Calliclès fait donc l’apologie de l’immoralité. Me laisser aller à mes désirs est pour moi une force que tout le monde ne possède pas. Me laisser à la démesure est également pour moi l’expression de ma liberté et un moyen d’atteindre mon bonheur. La première remarque que fait Socrate dans la suite, c’est qu’au moins Calliclès a le mérite de la franchise. Il semble en effet dire tout haut ce que beaucoup pensent tout bas ! Platon utilise le personnage de Calliclès afin de nous mettre en valeur notre avidité, notre violence sous couvert de la satisfaction brutale des désirs afin de trouver mon bien, ma satisfaction et donc mon bonheur. Nous découvrons alors à quel point le désir est prédateur. Calliclès fait peur car il nous montre la violence du déchaînement des désirs. La fascination devant la force ne peut prendre fin que quand nous prenons lucidement conscience de la violence qui accompagne le désir. Cette violence n’est pas seulement celle d’un " autre " : le tyran, l’assassin ou le maniaque. Elle est en moi quand je choisis délibérément de n’écouter que mes désirs, de ne suivre que l’ivresse du désir en refusant et en niant tout le reste. La morale de la satisfaction sans limite des désirs refuse ce qui est. En n’écoutant que moi je nie les autres, en ne voyant que mon intérêt je rejette l’intérêt de tous. C’est cela même l’avidité sans frein qui fait que nous ne cherchons qu'à profiter et à ne jamais donner. Soyons un tant soi peu réfléchi. Personne ne peut souscrire raisonnablement à pareille doctrine de défoulement des désirs afin d’atteindre le bonheur. Il semblerait en effet que le bonheur pourrait être plus près du renoncement à ses désirs.
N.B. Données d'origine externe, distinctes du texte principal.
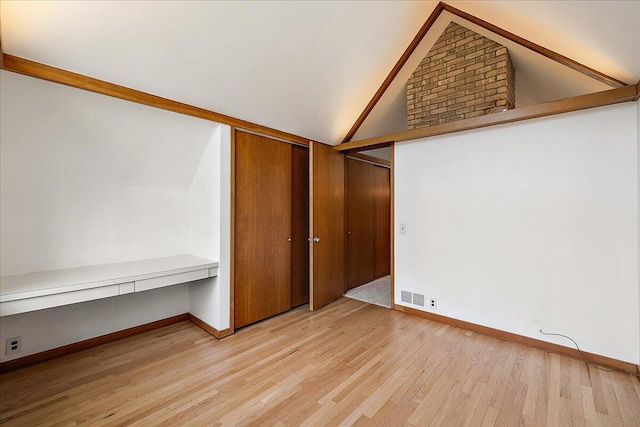 unfurnished bedroom featuring a closet, visible vents, vaulted ceiling, light wood-style flooring, and baseboards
II. Au contraire réfréner ses désirs semble également être une impasse
En quoi l’assouvissement de tous mes désirs ne m’apporte t il pas le bonheur ? Le bonheur serait-il alors la privation ?
Diogène, notamment, soulignait que l'on était plus heureux lorsqu'on était dénué de tout bien. Vivant avec le juste nécessaire, la quête de la vérité et de la liberté devient plus importante pour moi. A l’inverse, je n’ai que faire de l'argent et de la satisfaction de mes désirs. En effet, désirer me pousse à désirer toujours plus : c'est la preuve que je ne suis jamais satisfait et que je ne trouve pas le bonheur. L’homme est en effet un être de désir. Puissance de négation et de transformation, de rêve et d’action, le désir est ce par quoi l’homme est ouvert à la dimension du possible et de l’imaginaire. Traçant des lignes de faille dans la plénitude du réel, il y introduit l’absence. Tour à tour destructeur et entreprenant, le désir met le monde en chantier. Je suis sans cesse à la quête de la satisfaction de mon bonheur en cherchant à satisfaire mes désirs. Le bonheur semble donc être une impossible totalité. C’est l’imagination qui me fait croire qu’assouvir tous mes désirs m’apporterait le bonheur. C’est en ce sens que Kant explique dans le Fondements de la Métaphysique des Mœurs que « le bonheur est un idéal, non de la raison, mais de l’imagination ». C’est mon imagination qui me fait penser qu’assouvir tous mes désirs serait le bonheur. Cela semble être impossible et inexpérimentable dans la vie sensible.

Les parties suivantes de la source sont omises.